Orhan Coskun / Tulay Karadeniz
ANKARA, 18 Ocak (Reuters) - ABD'nin Suriye'den askeri birliklerini çekme sürecinde Ankara ve Washington'un Suriye'deki Kürt gruplar konusunda nasıl bir yol izleyeceğine dair görüş ayrılıkları iki ülkeyi Fırat'ın doğusunda bir güvenli bölge oluşturulmasına dair müzakerelere taşıdı.
Ankara güvenli bölgenin güvenliğinde Türk ordusunun ve istihbaratının rol oynamasını, bölgede yerel yönetimlerin kurulmasını, ABD'nin sürece lojistik ve maddi destek sağlamasını talep ederken, bu bölgede PYD/YPG unsurlarının herhangi bir süreçte rol oynamasına kesin bir şekilde karşı çıkıyor.
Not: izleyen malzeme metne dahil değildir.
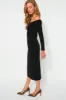 Black Off the Shoulder Alva Dress sold by Tuckernuck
Güvenli bölgeye ilişkin detayların uzun müzakereler gerektirdiğine dikkat çeken analistlerse, bölgeden hızla çekilmeyi düşünen ABD'nin güvenli bölgeye vereceği desteğin sürdürülebilir olmayabileceği uyarısında bulunurken, böyle bir bölgenin kurulmasına Rusya'nın yeşil ışık yakmasının da önemine dikkat çekiyor.
Ankara Suriye krizi sırasında özellikle de mülteci akınının yoğun dönemlerinde, bu akımı durdurabilmek için Suriye'de bir güvenli bölge kurulması çağrısında bulunmuş ancak uluslararası toplumdan somut bir destek bulamamıştı.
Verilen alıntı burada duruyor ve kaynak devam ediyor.